More of an issue, will this facing be on just one side? Heat, rubbing, and release of stress in the material can warp a part, so pay attention to this aspect while cutting if flatness matters.

If the part is fairly thin it might be safer to use a smaller cutting tool, like a 1/2" endmill, and take the trade-off of longer cut time for lower unit stress into the part. But you could cut near full depth as a roughing pass, saving ~.020 to face the bottom. Or, if surface smoothness isn't critical, just cut to final depth with a ~.08 stepover.

I would do two passes, and use a .02 corner radius EM for the final pass.
 
Krovvax, thanks for the info, esp the tip about spraying the cutting oil.
Milland, yes just facing one side, and flatness just has to be within .005 with for .250 thickness, I'm guessing
that is thick enough to not have to worry about warping?

This place is amazing....I did not expect to get replies so fast. I really appreciate the help!
 
Krovvax, thanks for the info, esp the tip about spraying the cutting oil.
Milland, yes just facing one side, and flatness just has to be within .005 with for .250 thickness, I'm guessing
that is thick enough to not have to worry about warping?

This place is amazing....I did not expect to get replies so fast. I really appreciate the help!
I would rought half of it on one side. Flip it over rought second half. Flip it again to remove the stress and finish first side. Same thing fornthe last one.

Always take note how it wrap because its going to wrap. You might have to flip it more than this watch out.

Envoyé de mon SM-G920W8 en utilisant Tapatalk
 
In our experiences with 304SS (different beast) indexable tools cause a lot of warping due to surface stress. I would be looking at finishing this part with a 1/2 Niagara 440 STR 2.0 endmill with .03" corner rads. I would probably HSM off the material for roughing as well rather than hitting it with a facemill if it was something I cared about. 500 SFM, .005 FPT, 8% stepover.
 
In our experiences with 304SS (different beast) indexable tools cause a lot of warping due to surface stress. I would be looking at finishing this part with a 1/2 Niagara 440 STR 2.0 endmill with .03" corner rads. I would probably HSM off the material for roughing as well rather than hitting it with a facemill if it was something I cared about. 500 SFM, .005 FPT, 8% stepover.

We're on the same wavelength, but I suspect you're not accounting enough for chip thinning with the .005"/tooth.
 
Milland, yes just facing one side, and flatness just has to be within .005 with for .250 thickness, I'm guessing
that is thick enough to not have to worry about warping?

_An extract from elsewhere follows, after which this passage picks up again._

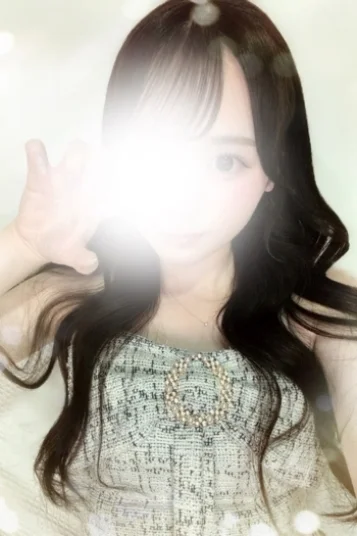 如月ももか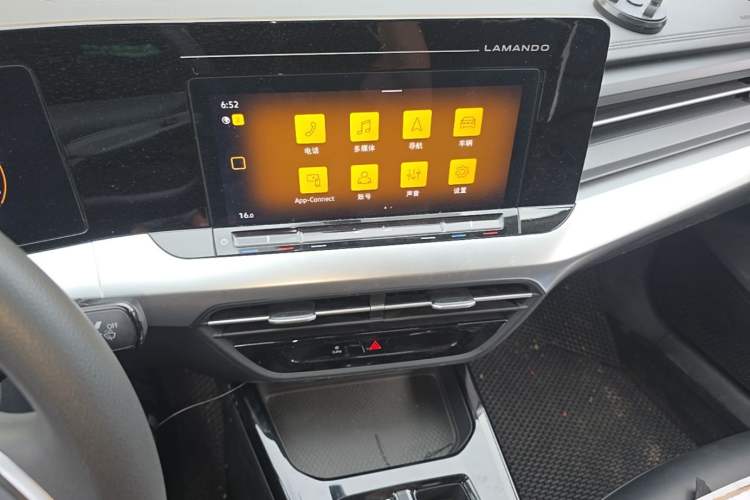 Used Volkswagen Lamando 2024 Lingdu L 200TSI DSG Trendy & Spicy Edition Audio And AC Panel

No, the part will almost certainly want to warp with the amount you're removing and the fairly thin final part thickness. Most wrought materials have a surprising amount of residual stress left in them, and cutting just one side is an easy way of having it show.

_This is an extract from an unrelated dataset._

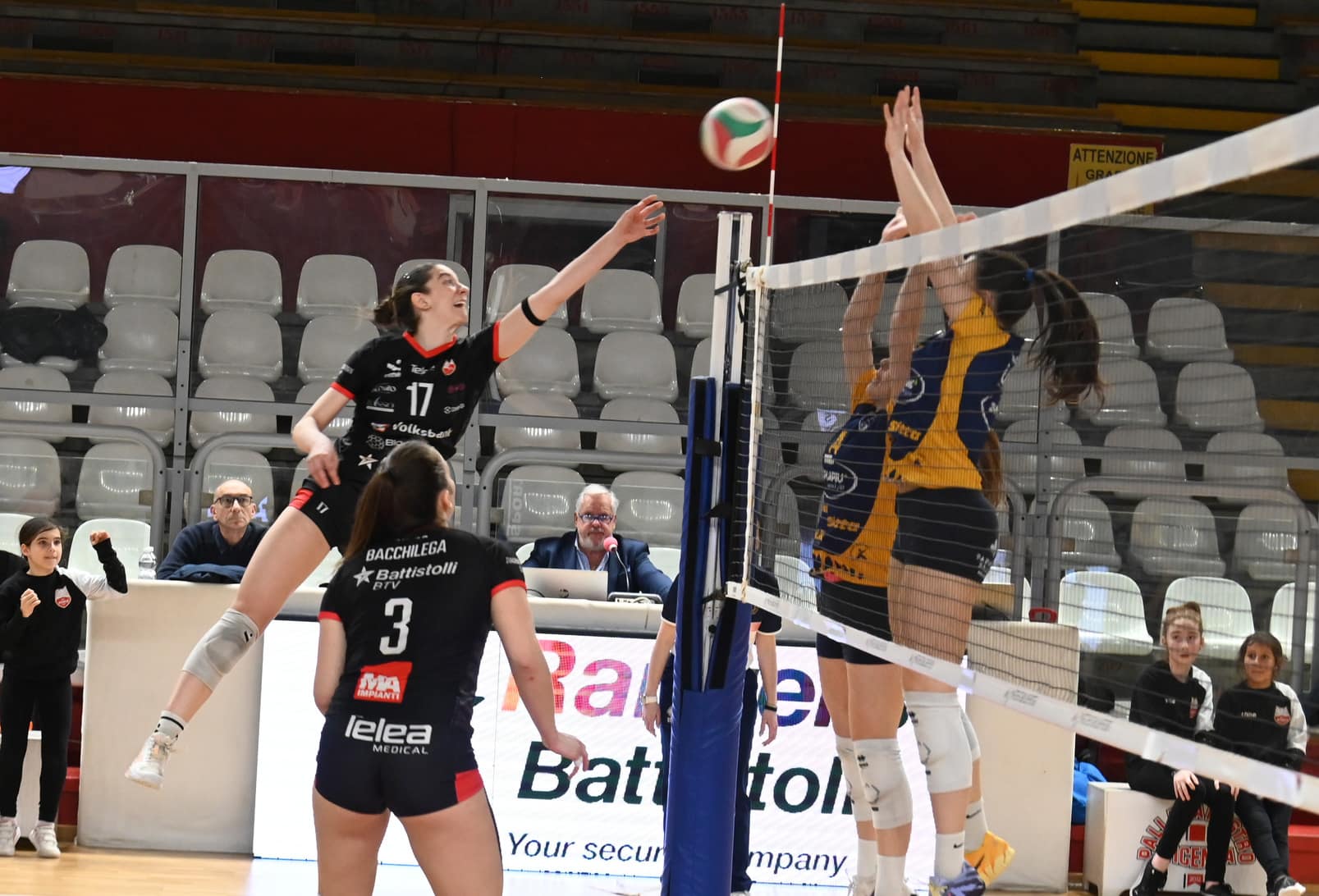 TONELLO , VICENZA 280326 PALASPORT
FIPAV CAMPIONATO SERIE B
VICENZA VOLLEY vs ARENA VOLLEY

This place is amazing....I did not expect to get replies so fast. I really appreciate the help!

Only when we're not being collectively grumpy. And at least you asked a "real" machining question.
 
We're on the same wavelength, but I suspect you're not accounting enough for chip thinning with the .005"/tooth.

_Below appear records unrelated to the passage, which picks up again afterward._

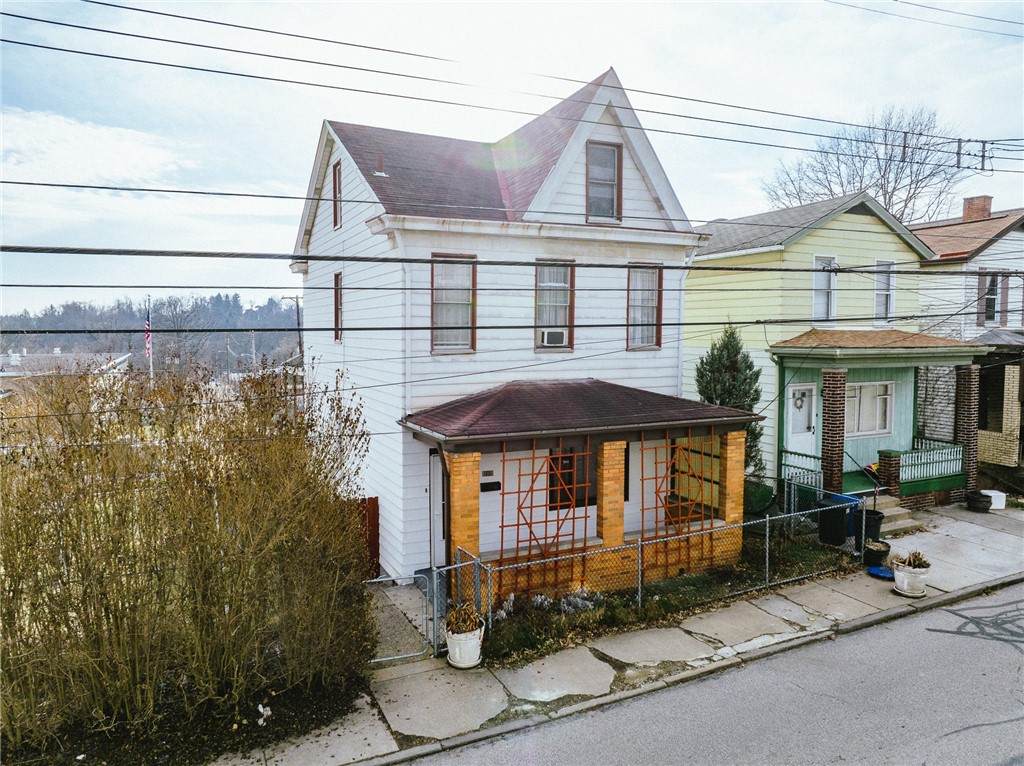 2312 Spring St - Photo 1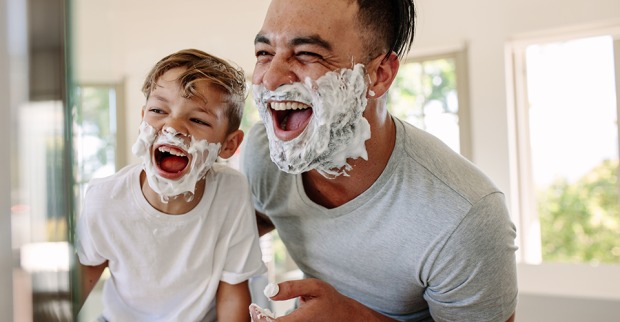 Bub und Mann rasieren sich und lachen Credit: iStock.com/jacoblund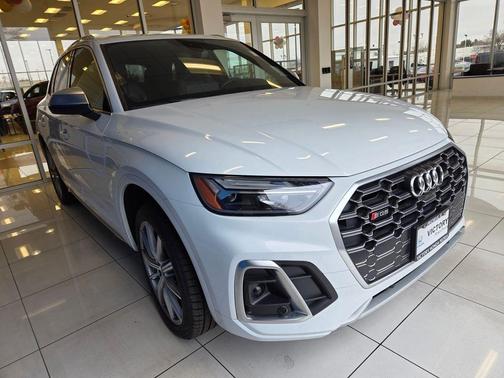 2022 Audi SQ5 3.0T Premium Plus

Too hard or too soft? OP can do the adjusted chipload to get to .005 per tooth. Those Niagara tools can be run hard
 
What OP didn't tell you is he'll be making the cut on a Harbor Freight bench-top mill converted for CNC. :D


Actually, I don't really have any beef with what he's doing, it's just that he would be better served on a forum oriented to that sort of small project. Heck, I have about 40 tons (not an exaggeration) of industrial spindles, profile rail, servo motors, etc. here that I want to use to make specialty machines tools with, y'all can make fun of me when I start asking dumb questions about making the damn things work...
 
Actually, I don't really have any beef with what he's doing, it's just that he would be better served on a forum oriented to that sort of small project.

Am I in the wrong place? Anyway, I took the advice here and used 1/2" instead of shell, and it came out great. Thanks to everybody that chipped in advice. :cheers:
 
What OP didn't tell you is he'll be making the cut on a Harbor Freight bench-top mill converted for CNC. :D

I didn't understand this until now... I just discovered the thread. Now I have a much better understanding of PM. I didn't do any lurking prior to posting.